The Ben Ish Hai (Rabbi Yosef Haim of Baghdad, 1833-1909), in Parashat Vaera (5; listen to audio for precise citation), discusses a number of different Halachot relevant to the Torah obligation of reciting Shema. He codifies the requirement to recite the morning Shema before a quarter of the day (or the end of three hours as defined by Halacha), and emphasizes that in the wintertime, when the days are short, the time-frame for reciting Shema is also quite short. One must therefore be very careful – particularly in the summer – to recite Shema before the proper time, as otherwise he does not fulfill the Torah obligation of Shema. On Shabbat, especially, when the morning prayer services usually begin later than on weekdays, special attention is needed to ensure that Shema is recited before the final time.

One cannot “make up” a missed recitation of Shema. If one did not recite Shema before the final time, he can no longer fulfill the obligation. He can certainly read the Shema and will be rewarded for reading verses from the Torah, but he cannot fulfill the Misva of Shema.

The Ben Ish Hai writes that before a person begins reciting Shema, he must have in mind that he fulfills the Torah obligation of Shema, as well as the Torah obligation to affirm the belief in the oneness of the Almighty (“Yihud Hashem”).
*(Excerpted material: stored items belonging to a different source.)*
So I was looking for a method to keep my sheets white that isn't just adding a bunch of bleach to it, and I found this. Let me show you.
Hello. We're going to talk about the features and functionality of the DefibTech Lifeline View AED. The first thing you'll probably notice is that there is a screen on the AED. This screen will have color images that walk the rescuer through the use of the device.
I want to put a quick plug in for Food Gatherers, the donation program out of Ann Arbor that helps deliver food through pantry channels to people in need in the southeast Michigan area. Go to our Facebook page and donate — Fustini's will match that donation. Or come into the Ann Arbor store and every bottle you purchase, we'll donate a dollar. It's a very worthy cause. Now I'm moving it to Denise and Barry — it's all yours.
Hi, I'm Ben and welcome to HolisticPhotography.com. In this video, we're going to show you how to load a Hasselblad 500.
One should cover his eyes with his right hand before he begins Shema, and keep his eyes covered until after he recites, “Baruch Shem Kabod Malchuto Le’olam Va’ed.”
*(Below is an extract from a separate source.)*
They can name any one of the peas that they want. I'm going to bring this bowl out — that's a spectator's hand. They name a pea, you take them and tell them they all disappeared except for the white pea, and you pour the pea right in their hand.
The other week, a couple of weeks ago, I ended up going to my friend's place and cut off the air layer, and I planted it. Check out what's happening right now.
Halacha requires concentrating on the meaning of the first verse of Shema (“Shema Yisrael Hashem Elokenu Hashem Ehad”). If one finished the verse of “Shema Yisrael” and then realized at that point that he had not concentrated on its meaning, he must repeat the verse. However, he should not repeat the verse immediately, as the Gemara forbids reciting Shema twice, which would give the impression that one acknowledges the existence of two deities, Heaven forbid. One should therefore pause before repeating the verse of “Shema Yisrael.” The Ben Ish Hai rules that one should pause for the amount of time needed to recite the paragraph of “Ve’ahabta,” which is approximately one minute. If one wishes, he can simply recite this paragraph to ascertain that the requisite period of time has passed.

The Ben Ish Hai rules that concentration while reciting the verse, “Baruch Shem Kebod Malchuto” is also indispensable for fulfilling the obligation of Shema. One who recited “Baruch Shem” without concentrating on its meaning must repeat it. In order to preserve the proper sequence, he should repeat “Shema Yisrael” and then proceed from there as usual.

Summary: One must ensure to recite the morning Shema before one-quarter of the day, as otherwise he does not fulfill the Torah obligation of Shema. One must concentrate while reciting the verses of “Shema Yisrael” and “Baruch Shem,” for if he fails to concentrate on the meaning of either verse, he does not fulfill his obligation.